Phil Glazer

@philglazer

Resistance to Cryptocurrency as Explained by Behavioral Economics

January 15th 2018

Of all the attention that cryptocurrencies have received, the most fascinating phenomenon I have witnessed in the past year has been the strong, almost visceral, negative reaction that some people have towards the technology. If nothing else, cryptocurrencies have provided food for thought on a number of topics, including what constitutes a “currency” and various psychological quirks like FOMO (fear of missing out) and loss aversion. In this piece, I will examine the response to cryptocurrency from different groups, like governments, banks, and investors, using the lens of behavioral economics, which is the study of psychology as it relates to the economic decision-making processes of individuals and institutions. This piece does not advocate for or against the adoption of cryptocurrencies or comment on recent price fluctuations.

The Biases

Humans have a well documented set of gaps in thinking that are broadly referred to as “cognitive biases,” which are a consequence of our inability to handle too much information, a need to respond quickly to our environment, and the limitations of a finite memory. Understanding these biases can sometimes help explain behavior that cannot entirely be justified rationally.

Authority bias: the tendency to attribute greater accuracy to the opinion of an authority figure (unrelated to its content) and be more influenced by that opinion.

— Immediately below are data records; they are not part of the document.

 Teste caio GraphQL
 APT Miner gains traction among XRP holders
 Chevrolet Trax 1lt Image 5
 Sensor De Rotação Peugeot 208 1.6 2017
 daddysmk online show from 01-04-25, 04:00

Status quo bias: a preference for the current state of affairs. The current baseline (or status quo) is taken as a reference point, and any change from that baseline is perceived as a loss.

Loss aversion: people’s tendency to prefer avoiding losses to acquiring equivalent gains: it’s better to not lose $5 than to find $5.

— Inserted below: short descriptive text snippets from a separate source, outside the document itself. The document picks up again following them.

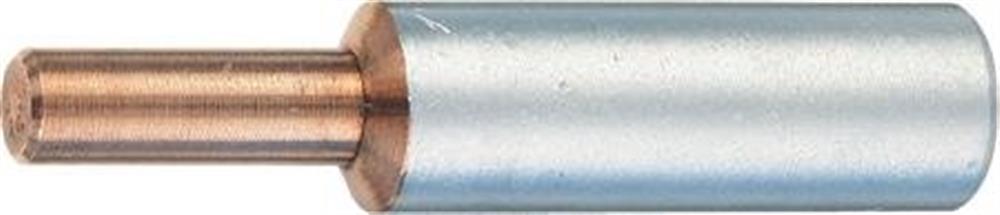Klauke 347R Stud Bolt - 70 / 95 mm², Uninsulated, Al-Cu ( Aluminium / copper )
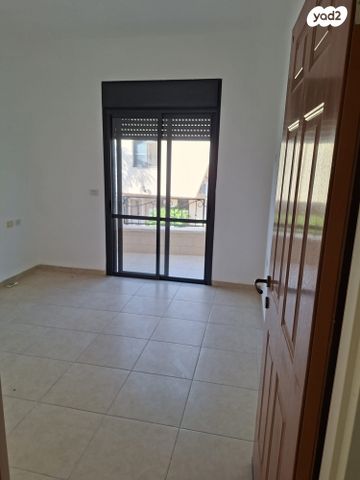 דירה, הנשיא 62, שיכון א', קרית שמונה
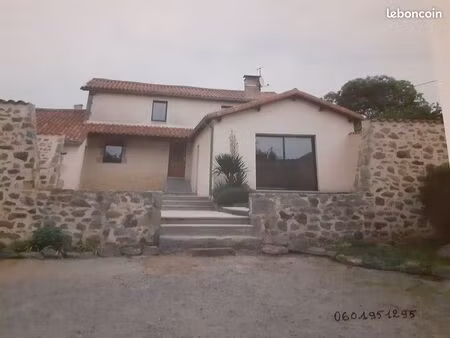 ensemble immobilier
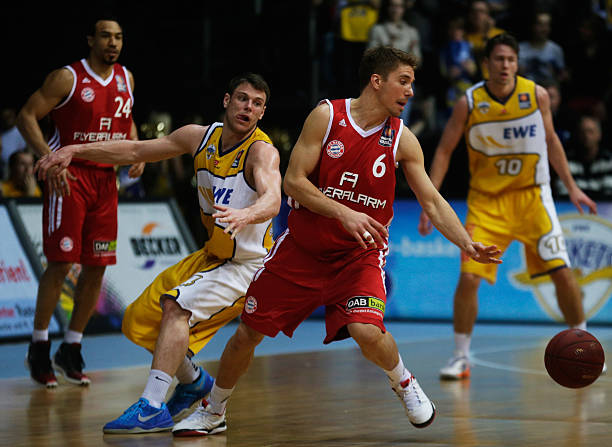 赛季就是修 赛季就是修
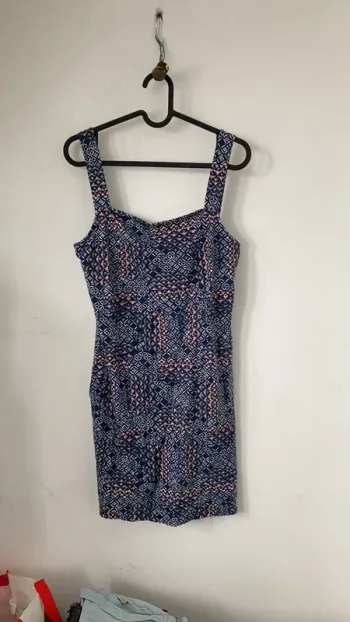 Robe hollister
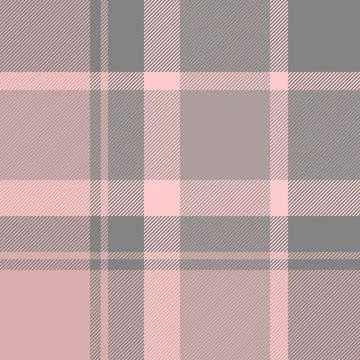 Gingham plaid fabric check, yuletide pattern texture tartan. Sale backgroun.. Stockillustratie
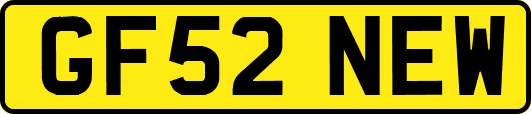 GF52NEW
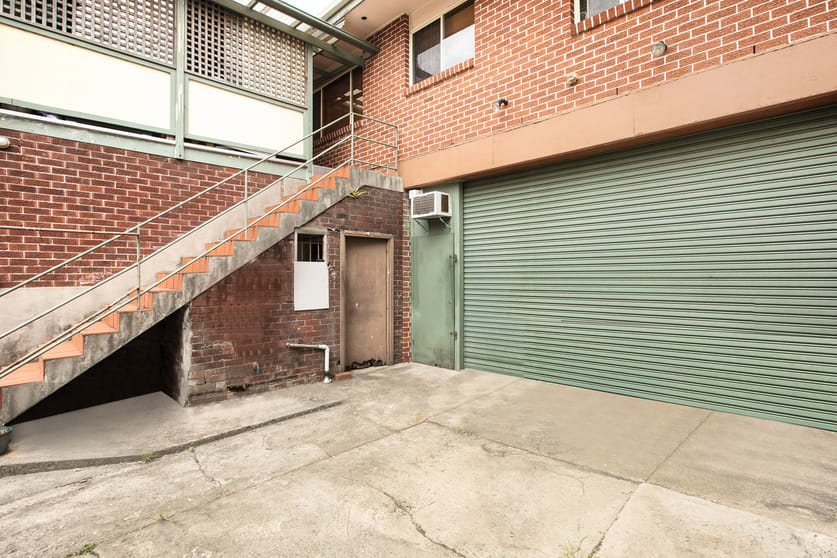 Click to view all images 50 Blaxland Road Ryde NSW 2112 - Image 3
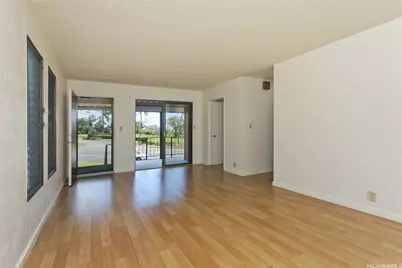 98-500 Kaonohi Street #47/4, Aiea, HI 96701 - Photo 5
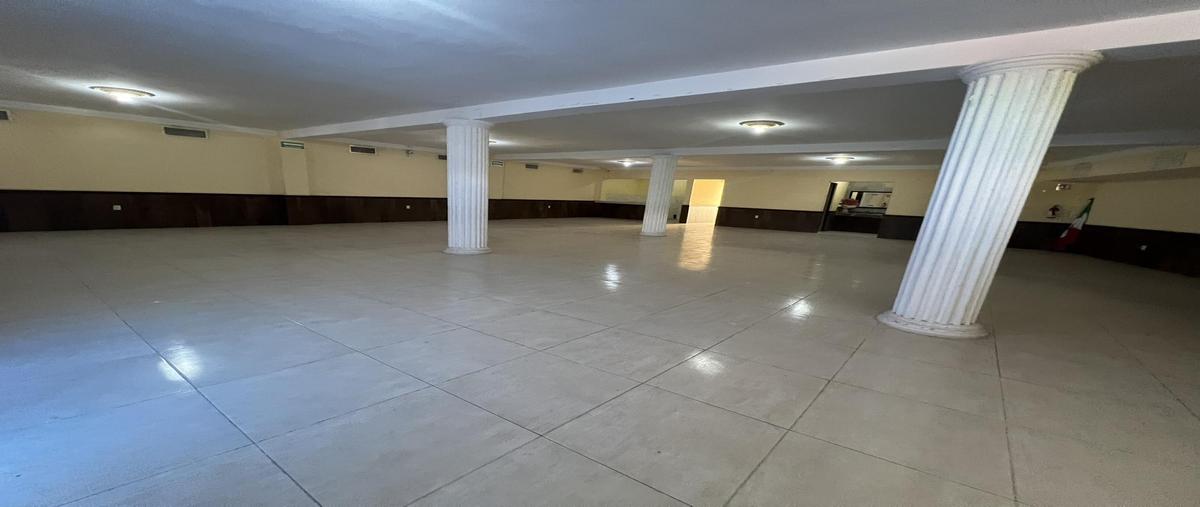 Foto de local en renta en  , ciudad lerdo centro, lerdo, durango, 30134679 No. 04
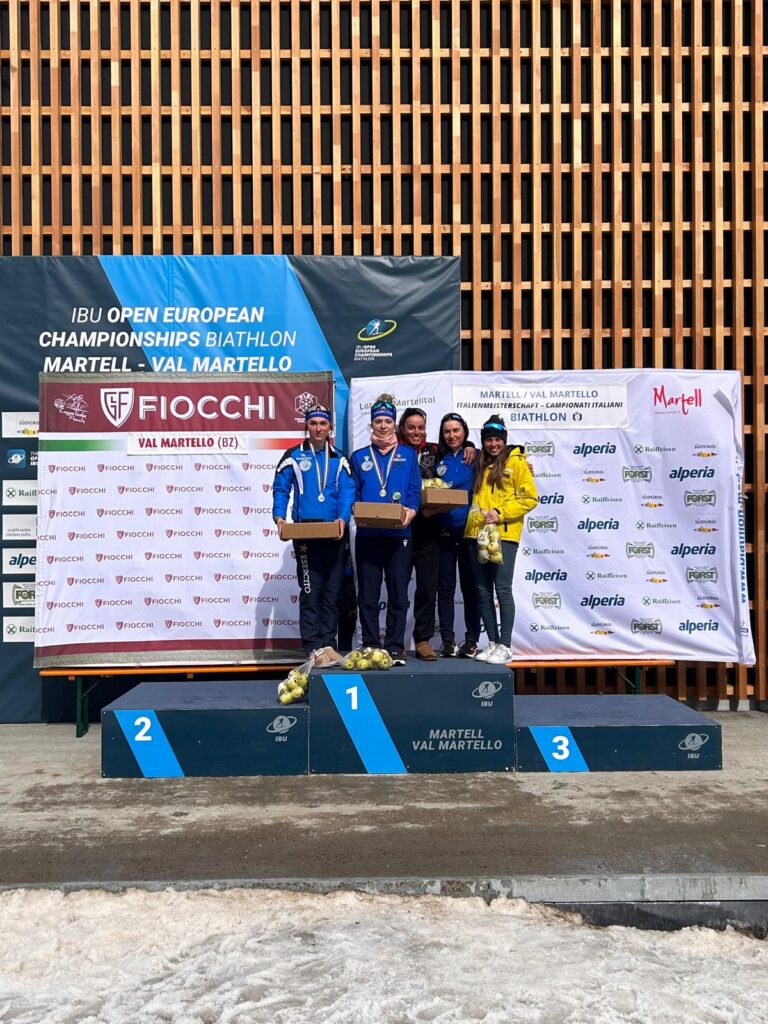25 03 30 Cij.mass.start.martello Jun.f Saracco Gontel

Egocentric bias: the tendency to rely too heavily on one’s own perspective and/or have a higher opinion of oneself than reality.

Response From Banks

Some of the loudest critics of cryptocurrency have come from the executive ranks of the banking system, and it is understandable why: if cryptocurrencies can achieve a fraction of what has been promised then portions of the current banking system are at risk of being replaced. Cryptocurrencies would allow many transactions (payments, lending, etc.) to take place outside of the traditional banking system, representing a loss of revenue from fees for incumbents. Loss aversion comes into play as those in the banking system picture the pain of loss in being displaced and gain little in comparison from imagining the benefits that come from lower-cost banking and lending being offered at scale (even though this would be great for consumers). Additionally, authority bias is at play (or, in this case, its corollary) because a technology that some suggest to be world changing has essentially been built by an online community of software developers, some of which operate anonymously. The fact that such a meaningful innovation came from mostly outside of the network of established institutions (the bank’s engineers, university research labs, etc.) makes it more difficult to accept and evaluate by its merit.

Response From Governments

Governments are cautious about cryptocurrency because it may enable bad-actors through granting near anonymous movement of money and even potentially offers an alternative (and threat) to government issued fiat currency. Status quo bias is strongly present here, especially from the perspective of a regulator. Simply put, cryptocurrencies are a massive headache for governments and regulators because they introduce something completely new to them that is highly technical in nature. Inevitably, whenever new technology pops up, people gradually find ways to use it to do things that were never possible before and in ways that cannot always be anticipated, which means regulators must play catch up and run around putting out fires. Additionally, cryptocurrencies going mainstream in 2017 has led to numerous concerns for consumer financial protection — the projects are still highly technical in nature and volatile price swings are the market norm which means that consumers may put funds into a project without fully appreciating the risk involved. Like banks, governments also exhibit a form of authority bias (in this case, its corollary) and have a particularly hard time engaging with the quality of technology being presented because of its source.

Response from Investors

In general, many investors aren’t sure what to make of cryptocurrency. Is it a “currency”? Is it an “asset class”? Is it something else entirely? One thing that is certain for many investors (or at least the more vocal investors) is that egocentric bias is at work. Whether an investor believes that cryptocurrencies are massively undervalued relative to what influence they might have in a few years or that cryptocurrencies are unfathomably overvalued, they hold strong convictions about what is truly going on and aren’t shy about expressing these opinions. Historically, humans have been terrible at predicting the impact of new technology and cryptocurrencies may emerge as a winner or a loser, but one thing that is true is that people overestimate the certainty with which they predict how the future will play out. Realistically, the most honest opinion may be that it is too hard to know now what the impact of cryptocurrencies will be. Given how many intelligent people are working on the technology, perhaps it is best not to dismiss it at first blush and to continue rooting for technologies that offer the promise of improving our lives (which cryptocurrencies do, rampant price speculation aside).

Conclusion

Only time will tell what impact cryptocurrencies will have. If they are for real, this is just the beginning and further innovation and development can be expected to take place in the coming years. In the meantime, it may be valuable to evaluate the reactions of different groups with respect to the positions they hold and the cognitive biases that color human thinking.